Petani Muda Wonogiri Langka, Netizen: Beras Saja Impor

Ilustrasi area persawahan - Bisnis/Nurul Hidayat
12 Januari 2019 07:00 WIB Chelin Indra Sushmita Wonogiri Share :

Solopos.com, WONOGIRI Angka urbanisasi yang tinggi mengakibatkan Kabupaten Wonogiri, Jawa Tengah, kekurangan tenaga kerja produktif. Dampak tingginya urbanisasi terpampang nyata di Desa Bumiharjo, Nguntoronadi, Wonogiri. Hampir tidak ada petani muda di desa tersebut.

Diberitakan Solopos.com sebelumnya, jumlah warga Desa Bumiharjo yang merantau per November 2018 sebanyak 405 orang. Jumlah itu terdiri atas 180 laki-laki dan 225 perempuan. Dalam periode yang sama, Desa Bumiharjo memiliki penduduk 1.853 jiwa terdiri atas 935 laki-laki dan 918 perempuan.
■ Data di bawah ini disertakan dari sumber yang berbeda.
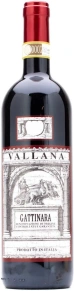 Вино Gattinara, Vallana, DOCG, 2014, 0.75 л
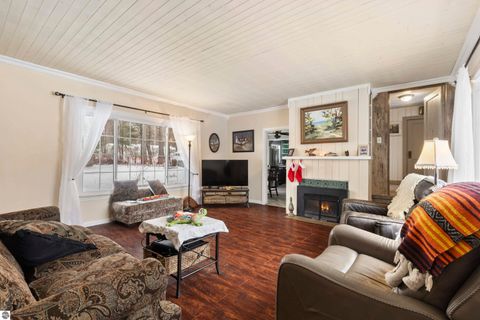 Tiny photo for 657 Crystal Avenue, Frankfort, MI 49635 (MLS # 1941680)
Tingginya urbanisasi tersebut membuat petani di Desa Bumiharjo, Wonogiri, kesulitan mencari tenaga tanam yang produktif. Hampir semua tenaga kerja produktif dan kreatif memilih merantau untuk mencari pekerjaan di kota.

Kabar soal kurangnya jumlah petani muda di Wonogiri mendapat beragam tanggapan netizen. Menurut warganet, keputusan pemuda Wonogiri merantau cukup masuk akal. Sebab, petani saat ini seringkali rugi karena impor beras yang dilakukan pemerintah.

"Buat apa jadi petani kalau beras pun impor," komentar Julian Andryanto Mustafa.

"Petani sekarang enggak untung, tapi malah buntung. Harga jual enggak stabil. Jadi, anak muda tidak tertarik untuk melirik jadi petani. Mending ke pabrik, setiap bulan dapat gaji," komentar Syariefudin Arief.

"Indonesia darurat petani," imbuh Khairul Amri.

"Saat tanam harga tinggi, saat panen harga anjlok. Kalau di-hitung2, bertani itu cuma balik modal. Semoga ke depan pemerintah bisa lebih serius memperhatikan nasib petani," imbuh Roe Zie Classic.